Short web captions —
————

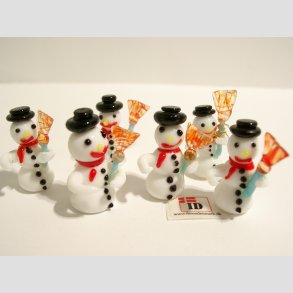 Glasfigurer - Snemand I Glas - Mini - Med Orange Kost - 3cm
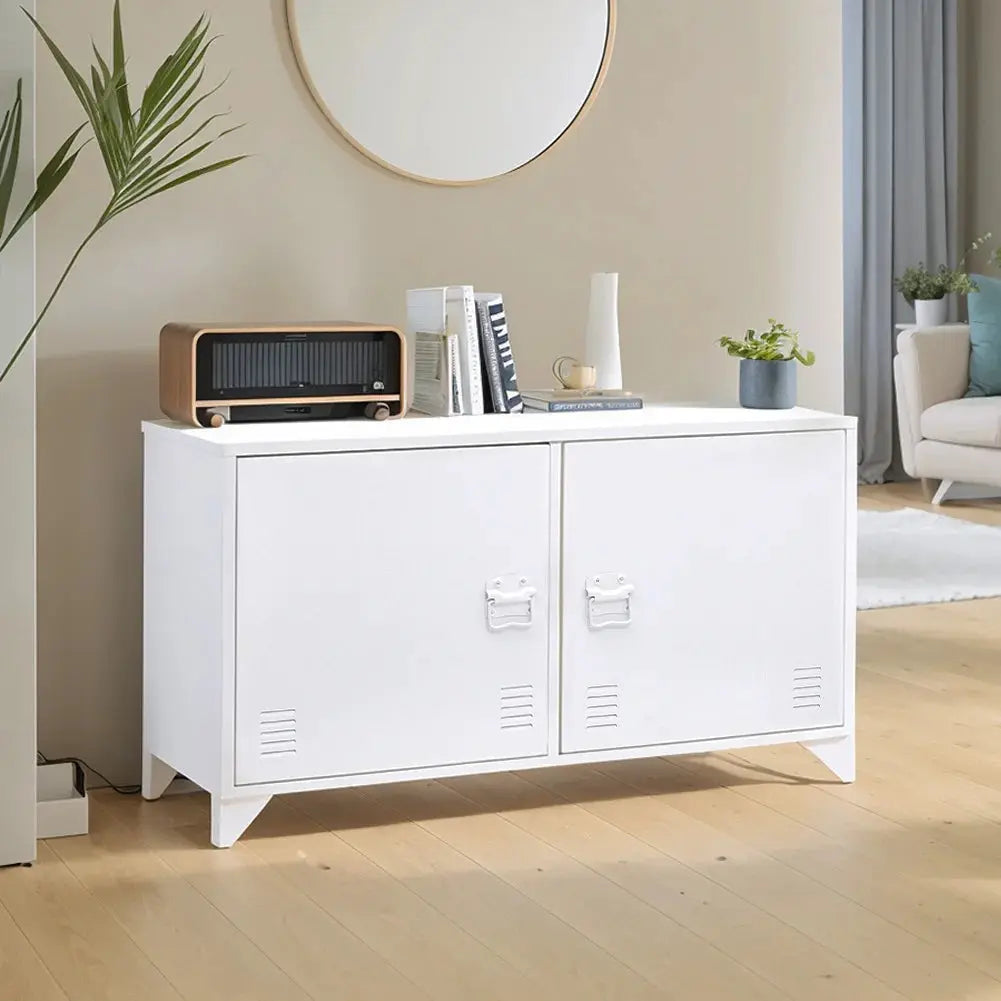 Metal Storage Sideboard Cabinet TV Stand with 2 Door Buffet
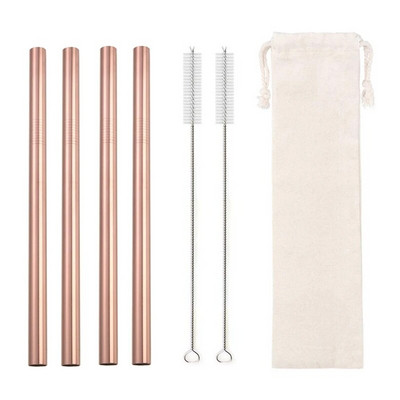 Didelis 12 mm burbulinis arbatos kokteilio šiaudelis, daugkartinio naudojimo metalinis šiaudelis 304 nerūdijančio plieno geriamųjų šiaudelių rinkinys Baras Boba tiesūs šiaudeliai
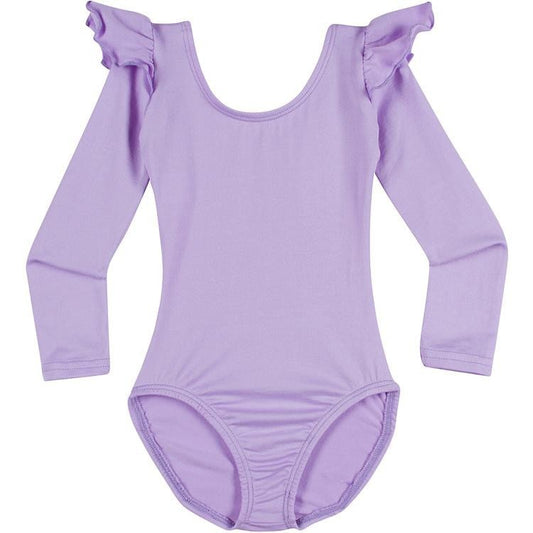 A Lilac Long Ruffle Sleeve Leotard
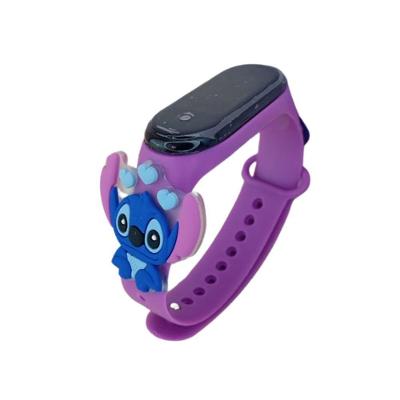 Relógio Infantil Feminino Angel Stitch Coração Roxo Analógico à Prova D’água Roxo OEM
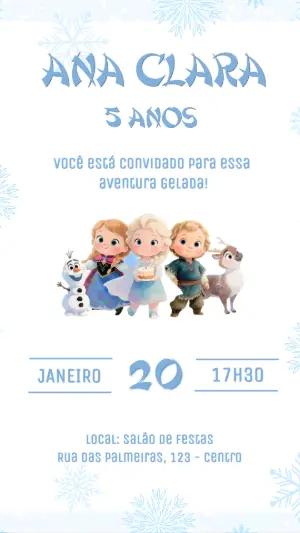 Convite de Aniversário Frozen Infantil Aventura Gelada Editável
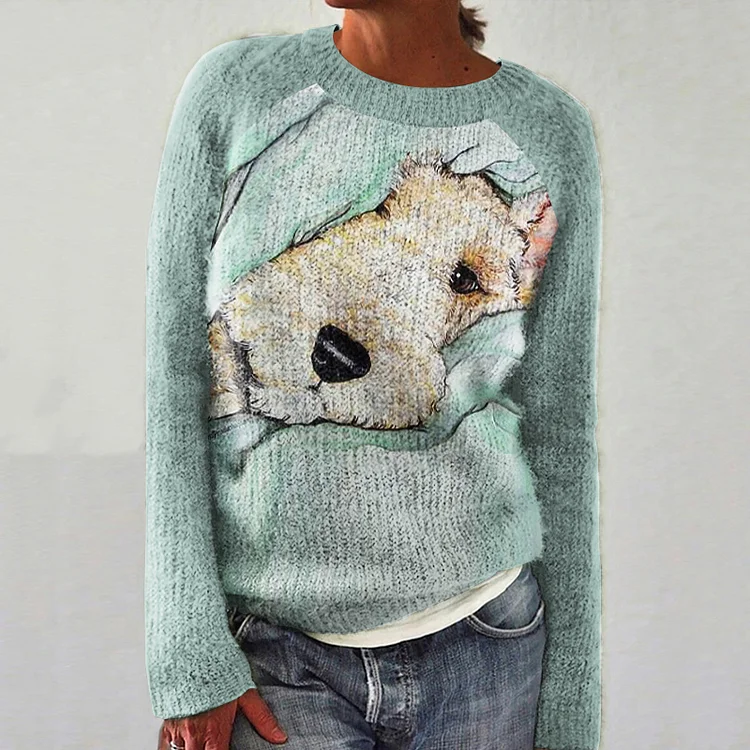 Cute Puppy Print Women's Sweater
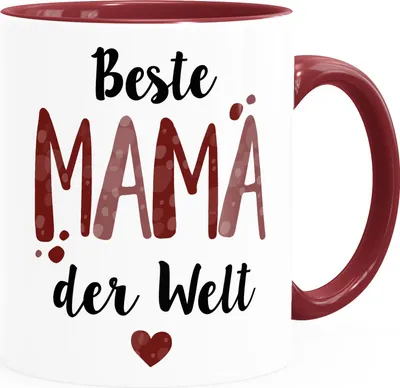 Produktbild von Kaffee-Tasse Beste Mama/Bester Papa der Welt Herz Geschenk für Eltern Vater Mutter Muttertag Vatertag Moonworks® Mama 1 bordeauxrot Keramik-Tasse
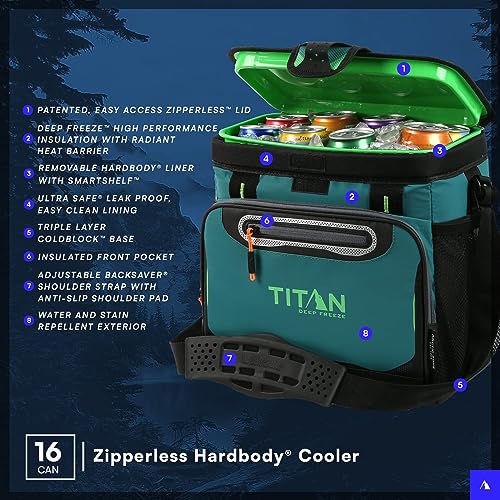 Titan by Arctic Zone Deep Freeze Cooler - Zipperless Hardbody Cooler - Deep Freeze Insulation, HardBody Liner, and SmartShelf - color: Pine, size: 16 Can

————

Starting with the first line of the records above and stopping after the line containing "Cute Puppy Print Women's Sweater", repeat every line exactly and leave out the pictures.

EXPECTED OUTPUT —
 Glasfigurer - Snemand I Glas - Mini - Med Orange Kost - 3cm
 Metal Storage Sideboard Cabinet TV Stand with 2 Door Buffet
 Didelis 12 mm burbulinis arbatos kokteilio šiaudelis, daugkartinio naudojimo metalinis šiaudelis 304 nerūdijančio plieno geriamųjų šiaudelių rinkinys Baras Boba tiesūs šiaudeliai
 A Lilac Long Ruffle Sleeve Leotard
 Relógio Infantil Feminino Angel Stitch Coração Roxo Analógico à Prova D’água Roxo OEM
 Convite de Aniversário Frozen Infantil Aventura Gelada Editável
 Cute Puppy Print Women's Sweater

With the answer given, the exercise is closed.